Over the course of 3.5 billion years, living things have spread across the entire planet, filling almost every niche imaginable. Even environments once considered inhospitable have been shown to harbor thriving communities of microorganisms. Life forms that thrive in conditions outside what we would expect are broadly classified as extremophiles, or 'extreme loving'. (although, some have pointed out this term is a misnomer, since the bacteria that live in hot springs are quite comfortable in that environment -- to the bacteria, WE are the extremophiles...) Thermophiles like high temperature, some living close to the boiling point of water. Psychrophiles prefer low temperature, and can be found living within ice. Halophiles require an environment with high salinity. Piezophiles need high pressure, and live at the bottom of the ocean or in deep sea trenches.
Astrobiologists study extremophiles to determine the absolute limits of life, the window of tolerance that defines the Habitable Zone (HZ). Some off-Earth locations within our solar system are known to have conditions within the range of habitability of some extremophiles. Dry windswept valleys in Antarctica have been examined as analogous to some spots on Mars, and revealed cryptoendolithic ('hidden within rock') microbes thriving in a seemingly barren wasteland. Almost everywhere we look on Earth, we can find an organism suitably adapted to the environment.
What is the future of Earth-based life?
Death comes to all living things. Not even the Sun or the Earth are eternal. Over the next several billion years the Sun will use up it's supply of hydrogen and expand, eventually consuming the orbits of the inner planets, including Earth. Any life will have long since perished, as the gradually increasing temperatures boil off the oceans and sterilize the planet. Geologists estimate higher life has about 500 million years remaining before conditions on Earth become too extreme. That will not be the end of all life on Earth; bacteria once ruled the planet for three billion years, and it is expected they will again reign supreme long after we are gone. A billion years from now, Earth could look very similar to what it looked like a billion years ago.
If Earth is the only planet in the universe to have developed life, the event will pass unremarked upon. Another star goes nova and all record of a self-aware universe reflecting back upon itself incinerated in an instant. Personally, I doubt such a cold and empty fate.

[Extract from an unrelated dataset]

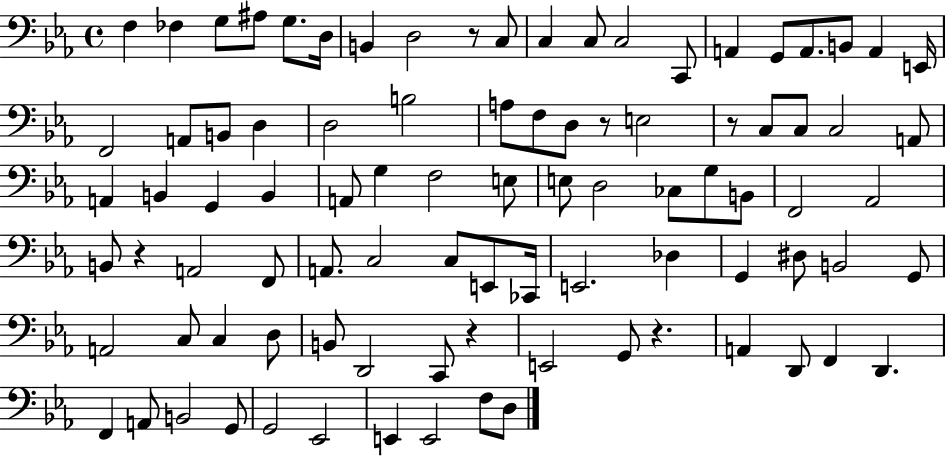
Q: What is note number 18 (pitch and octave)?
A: A2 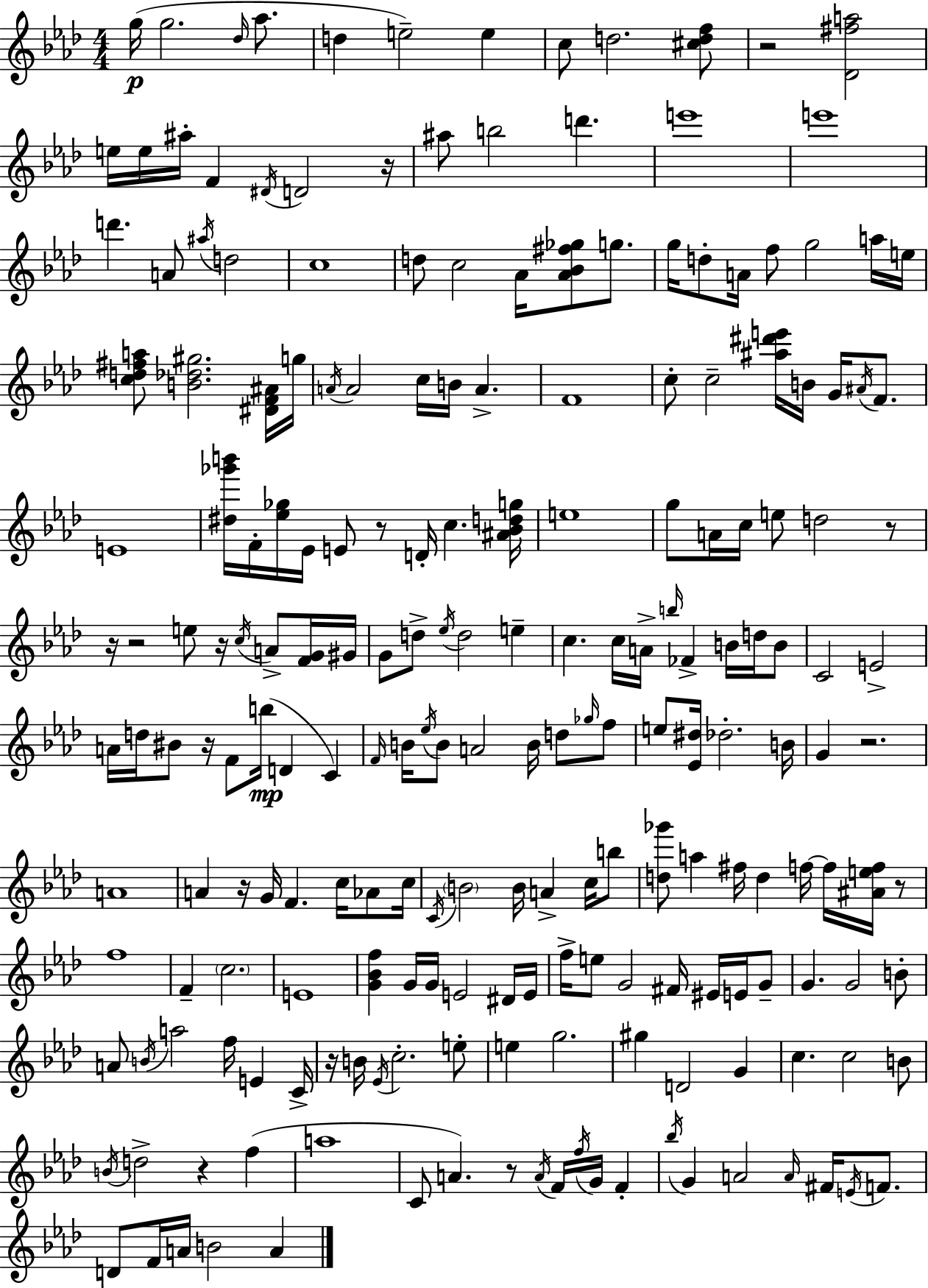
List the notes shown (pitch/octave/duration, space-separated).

G5/s G5/h. Db5/s Ab5/e. D5/q E5/h E5/q C5/e D5/h. [C#5,D5,F5]/e R/h [Db4,F#5,A5]/h E5/s E5/s A#5/s F4/q D#4/s D4/h R/s A#5/e B5/h D6/q. E6/w E6/w D6/q. A4/e A#5/s D5/h C5/w D5/e C5/h Ab4/s [Ab4,Bb4,F#5,Gb5]/e G5/e. G5/s D5/e A4/s F5/e G5/h A5/s E5/s [C5,D5,F#5,A5]/e [B4,Db5,G#5]/h. [D#4,F4,A#4]/s G5/s A4/s A4/h C5/s B4/s A4/q. F4/w C5/e C5/h [A#5,D#6,E6]/s B4/s G4/s A#4/s F4/e. E4/w [D#5,Gb6,B6]/s F4/s [Eb5,Gb5]/s Eb4/s E4/e R/e D4/s C5/q. [A#4,Bb4,D5,G5]/s E5/w G5/e A4/s C5/s E5/e D5/h R/e R/s R/h E5/e R/s C5/s A4/e [F4,G4]/s G#4/s G4/e D5/e Eb5/s D5/h E5/q C5/q. C5/s A4/s B5/s FES4/q B4/s D5/s B4/e C4/h E4/h A4/s D5/s BIS4/e R/s F4/e B5/s D4/q C4/q F4/s B4/s Eb5/s B4/e A4/h B4/s D5/e Gb5/s F5/e E5/e [Eb4,D#5]/s Db5/h. B4/s G4/q R/h. A4/w A4/q R/s G4/s F4/q. C5/s Ab4/e C5/s C4/s B4/h B4/s A4/q C5/s B5/e [D5,Gb6]/e A5/q F#5/s D5/q F5/s F5/s [A#4,E5,F5]/s R/e F5/w F4/q C5/h. E4/w [G4,Bb4,F5]/q G4/s G4/s E4/h D#4/s E4/s F5/s E5/e G4/h F#4/s EIS4/s E4/s G4/e G4/q. G4/h B4/e A4/e B4/s A5/h F5/s E4/q C4/s R/s B4/s Eb4/s C5/h. E5/e E5/q G5/h. G#5/q D4/h G4/q C5/q. C5/h B4/e B4/s D5/h R/q F5/q A5/w C4/e A4/q. R/e A4/s F4/s F5/s G4/s F4/q Bb5/s G4/q A4/h A4/s F#4/s E4/s F4/e. D4/e F4/s A4/s B4/h A4/q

Giordano Bruno, heretical Dominican monk, was one of the first to read Copernicus and realize the stars were other other suns like our own with other solar systems. He saw an infinite universe, filled with planets like ours, teeming with life. The first confirmed extrasolar planet was announced in 1992. As of today, July 11, 2010, there are 464 confirmed exoplanets. The Kepler mission recently announced over 700 exoplanet candidates seeking confirmation from other telescopes, only a single year into its 3.5 to 6 year long planned operation.

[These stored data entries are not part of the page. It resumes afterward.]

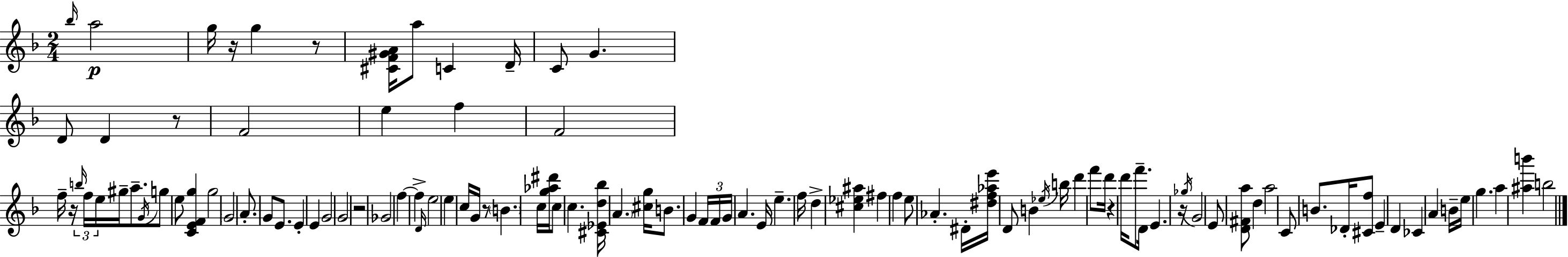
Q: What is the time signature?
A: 2/4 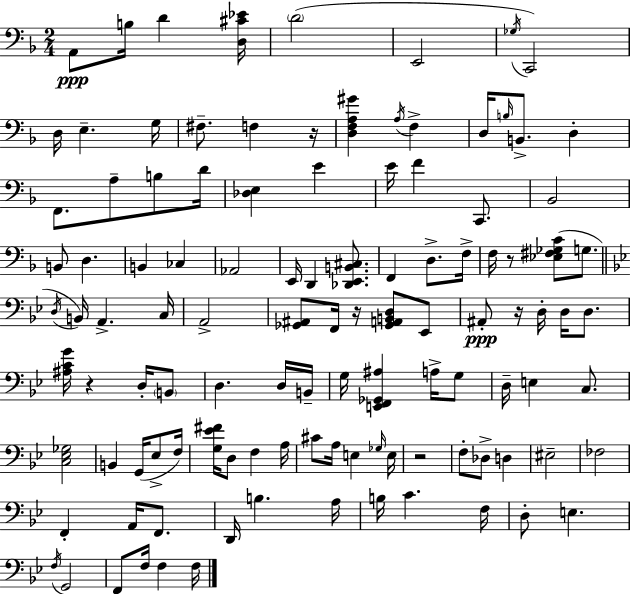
X:1
T:Untitled
M:2/4
L:1/4
K:Dm
A,,/2 B,/4 D [D,^C_E]/4 D2 E,,2 _G,/4 C,,2 D,/4 E, G,/4 ^F,/2 F, z/4 [D,F,A,^G] A,/4 F, D,/4 B,/4 B,,/2 D, F,,/2 A,/2 B,/2 D/4 [_D,E,] E E/4 F C,,/2 _B,,2 B,,/2 D, B,, _C, _A,,2 E,,/4 D,, [_D,,E,,B,,^C,]/2 F,, D,/2 F,/4 F,/4 z/2 [_E,^F,_G,C]/2 G,/2 D,/4 B,,/4 A,, C,/4 A,,2 [_G,,^A,,]/2 F,,/4 z/4 [_G,,A,,B,,D,]/2 _E,,/2 ^A,,/2 z/4 D,/4 D,/4 D,/2 [^A,CG]/4 z D,/4 B,,/2 D, D,/4 B,,/4 G,/4 [E,,F,,_G,,^A,] A,/4 G,/2 D,/4 E, C,/2 [C,_E,_G,]2 B,, G,,/4 _E,/2 F,/4 [G,_E^F]/4 D,/2 F, A,/4 ^C/2 A,/4 E, _G,/4 E,/4 z2 F,/2 _D,/2 D, ^E,2 _F,2 F,, A,,/4 F,,/2 D,,/4 B, A,/4 B,/4 C F,/4 D,/2 E, F,/4 G,,2 F,,/2 F,/4 F, F,/4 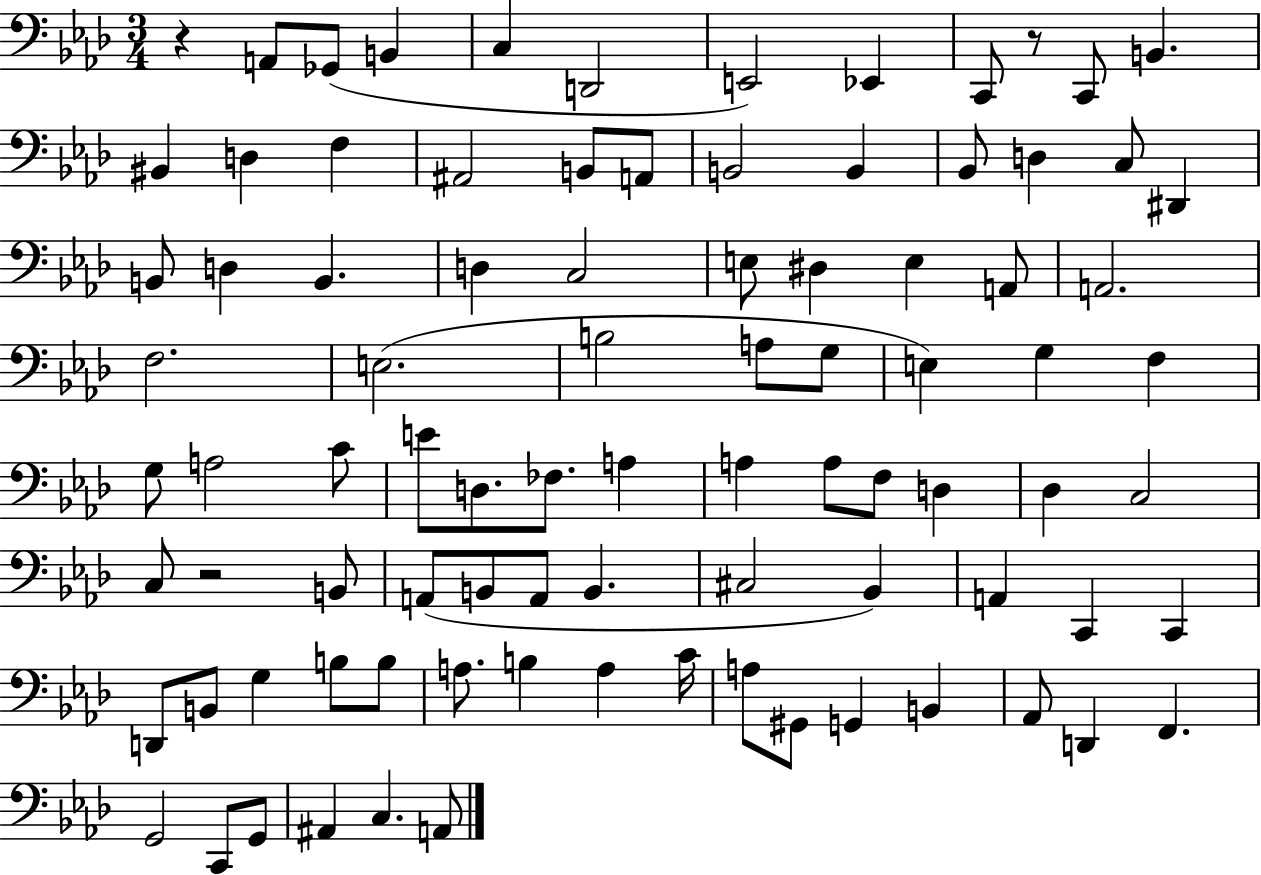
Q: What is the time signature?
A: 3/4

Within twenty to thirty years, it is expected we will have telescopes capable of directly imaging the surfaces of distant worlds, observing the weather patterns and mapping continents. As our instrumentation improves, we will undoubtedly seek evidence of extraterrestrial life; and we will probably find it.
The Earth formed roughly 4.5 billion years ago, and suffered frequent sterilizing impacts from large meteors up until the Late Heavy Bombardment, approximately 4.1 to 3.8 billion years ago. Life took hold almost as soon as the Earth was habitable, around 3.5 billion years ago, and it has proven tenacious, filling every possible niche from deep sea vents to snow capped peaks.

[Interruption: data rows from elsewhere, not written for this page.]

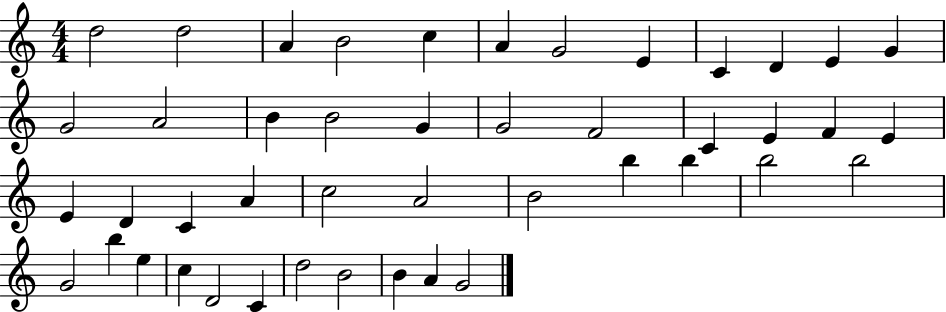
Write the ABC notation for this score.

X:1
T:Untitled
M:4/4
L:1/4
K:C
d2 d2 A B2 c A G2 E C D E G G2 A2 B B2 G G2 F2 C E F E E D C A c2 A2 B2 b b b2 b2 G2 b e c D2 C d2 B2 B A G2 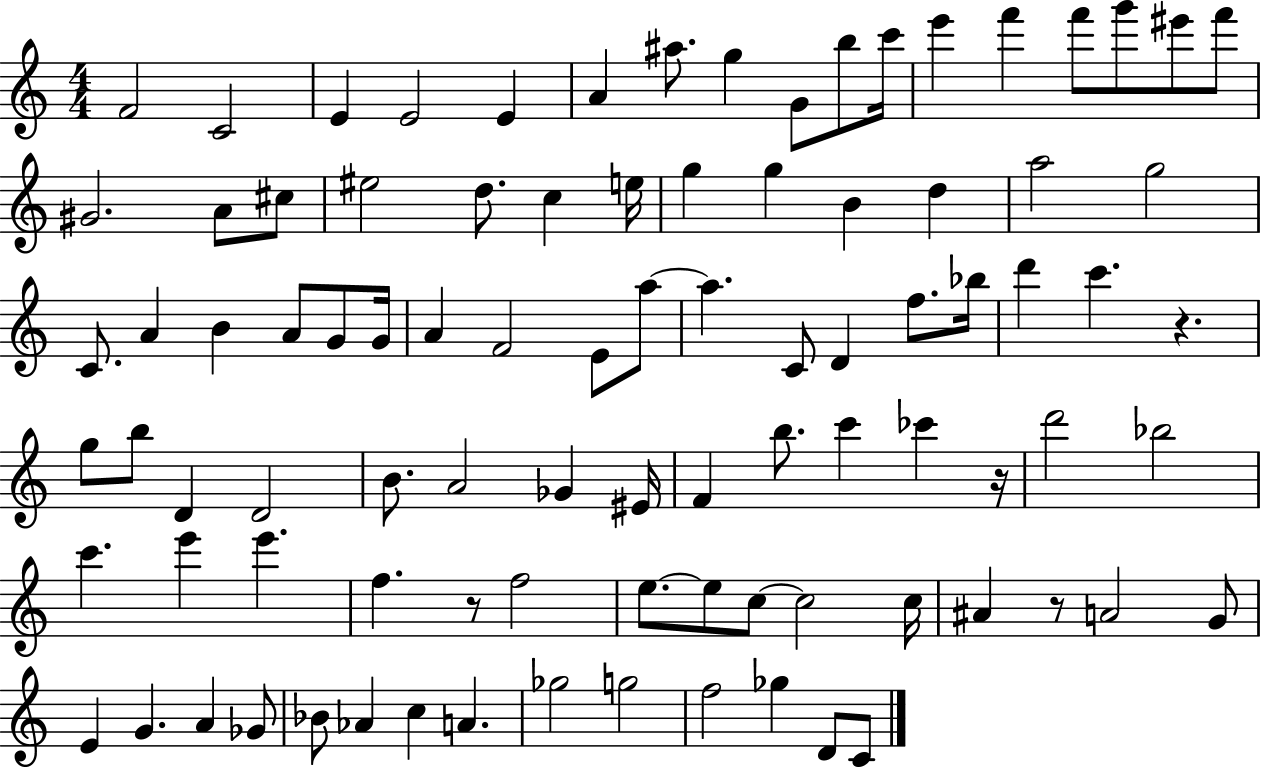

It seems highly likely, from studying this single example of a planet with life, that life will find a way wherever conditions are favorable. Astrobiology is the emerging synthesis of many scientific disciplines meant to address these questions. The first aliens discovered will probably be microbes, but such an announcement could still profoundly affect the perception of our place in the universe. What would it mean to look up at the stars and know, not merely suspect, that there are other worlds with life out there? We may face such a night sky within our lifetimes.